A healthy lifestyle, a toned body and glowing skin have become an obsession with women today and many are turning to diet books for solutions. Gone are the days when diet and related subjects were written about only in the newspapers and magazines. Recent figures from a few leading bookstores indicate that weight loss books are at the top of the pile in the non-fiction category. They also point to a major shift among weight-watchers from ‘exercise' to ‘diet'. Junk food lovers are more willing to invest in books on weight loss than in working-out.

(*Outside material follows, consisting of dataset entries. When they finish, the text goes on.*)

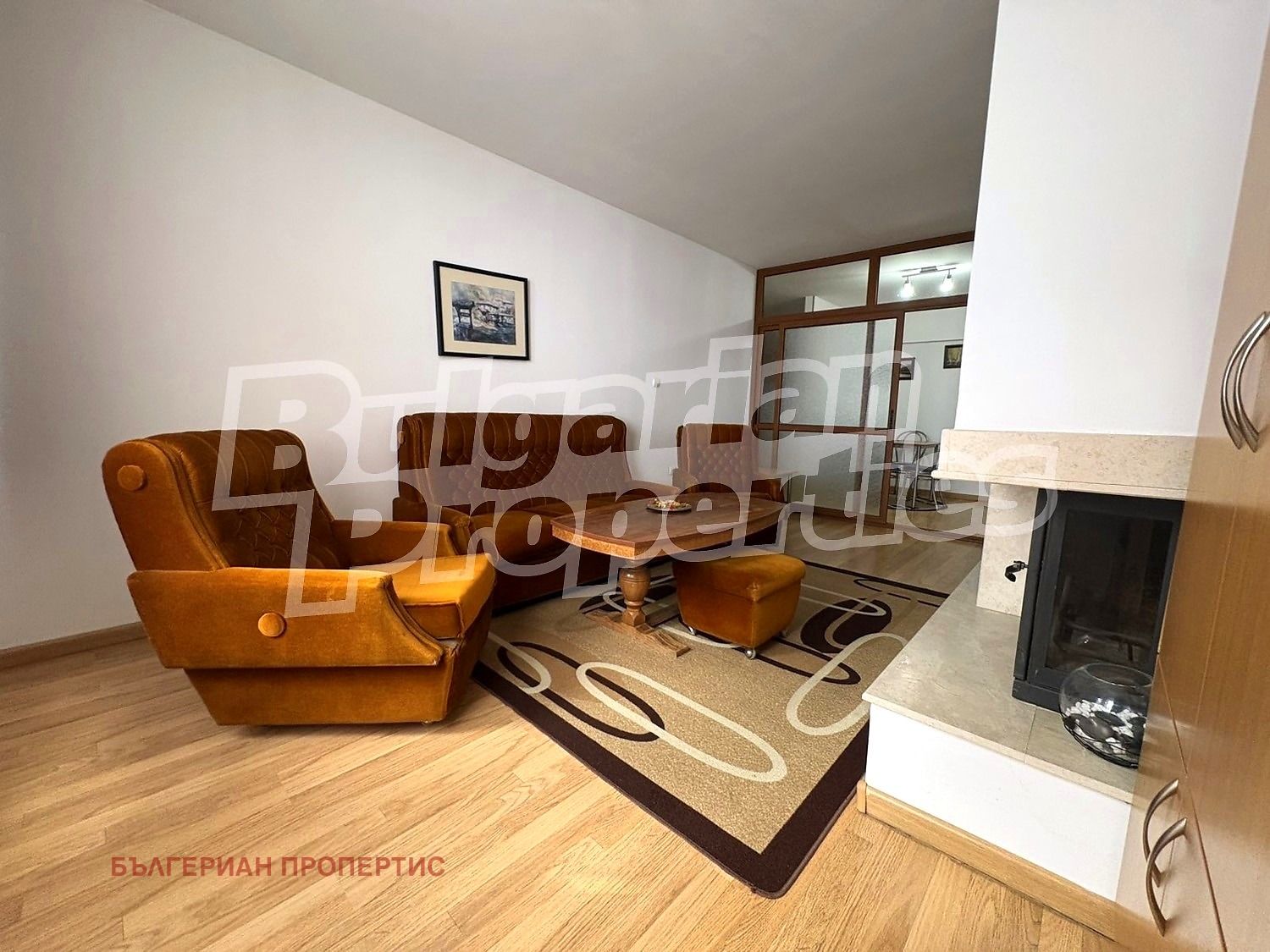 Продава 2-СТАЕН, к.к. Пампорово, област Смолян, снимка 2 - Апартаменти - 54447952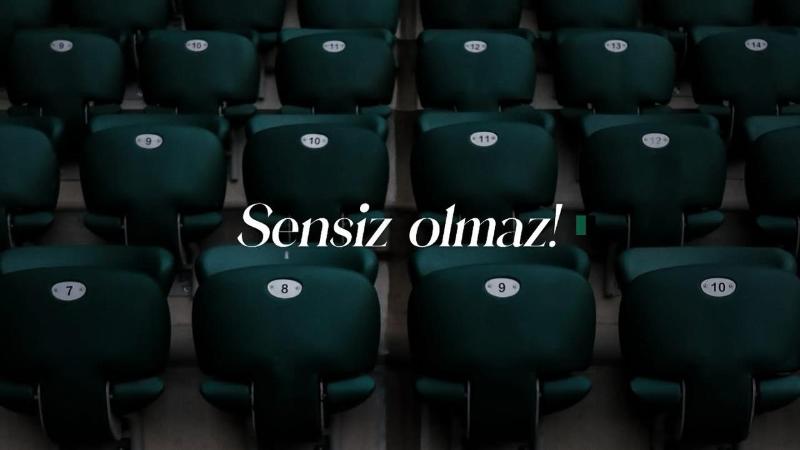 Süper Lig seyirci rekoru kırılıyor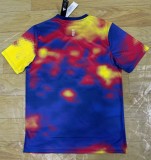 25-26 Aja× Special Edition Fans Soccer Jersey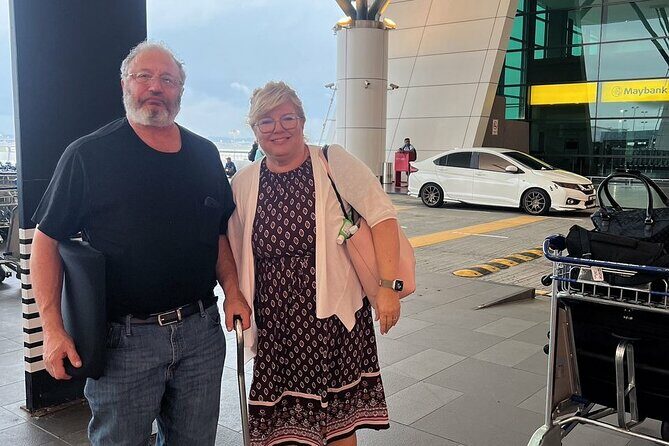 Exclusive Kuala Lumpur International Airport Transfer - Final thoughts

Numerous women are inspired by the super slim bodies of celebrities these days and want to look fit. To help them get into shape, most stores are filling their shelves with books on diet.
Rujuta Diwekar, known for giving Kareena Kapoor her size zero look, shot to fame with her first book “Don't Lose Your Mind, Lose Your Weight”, and her second book, “Women & the Weight Loss Tamasha”, launched recently, is fast reaching the top of the list of must-reads. Payal Gidwani Tiwari, a celebrity yoga trainer who wrote “From XL to XS”, has also turned out to be another success. Namita Jain's “Figure It Out”, one of the most recent books unveiled by Deepkika Padukone, is focussed on the teens and creating ripples. Then there's Lisa Delaney's “Secrets of a Former Fat Girl”… the list goes on.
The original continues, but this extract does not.